Any concrete example would be really helpful for us to explore this further.
I need to analyse several hundred (potentially thousands) files, the files to be analysed are only determined at run time. The potential duplicates will only be within the same file, the features arrive at the matcher in file order, so if the matcher had a group by and complete groups when group changes, then the features could be released to the featureWriter rather than being store in memory at the matcher.
My workflow is analysis to determine files of interest → feature reader → analyse features → subset of derived data→ matcher → single matched/unmatched to featureWriter (fanout based on input file).
Given the nature of the analysis before the matcher, a parent workspace with workspaceRunner for each input file is not optimal.
Thanks @jdh for sharing more about your use case.
Have you tried setting “Attributes That Must Differ” to fme_basename?

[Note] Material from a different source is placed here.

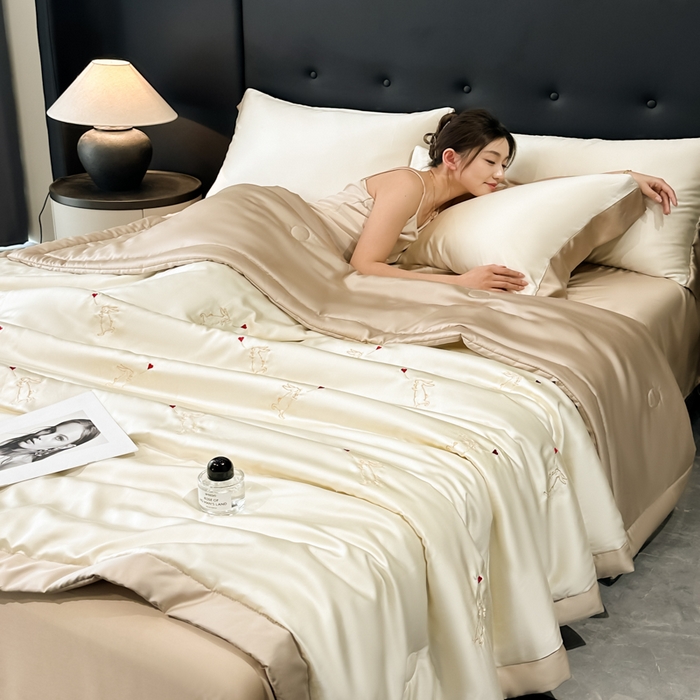 91家纺网 家纺一手货源 找家纺 满羽家纺 2025新款凉感冰丝夏被夏凉被空调被四件套 兔子追爱-奶白咖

That may achieve a similar effect by keeping matches file-specific. If you’ve already tested this, I’m interested to learn what’s missing from that approach.
@jdh , I also frequently face similar situation of yours. For your reference, sometimes I define a custom transformer which wraps a Matcher and publishes Group By and Complete Groups parameters, as a workaround in the interim. See also the attachement including an example.
@andreaatsafe, jdh is talking about "When Group Changes (Advanced)" option in the general group processing. “Attributes That Must Differ” setting in Matcher can't be its substitution.
See the attached workspace example which demonstrates how the "When Group Changes (Advanced)" option would work.
Similary, it would be great if LineCombiner would have group processing including Complete Groups options.
@jdh , I also frequently face similar situation of yours. For your reference, sometimes I define a custom transformer which wraps a Matcher and publishes Group By and Complete Groups parameters, as a workaround in the interim.
That’s the approach I took, but it’s a hack that shouldn’t be necessary, hence the idea.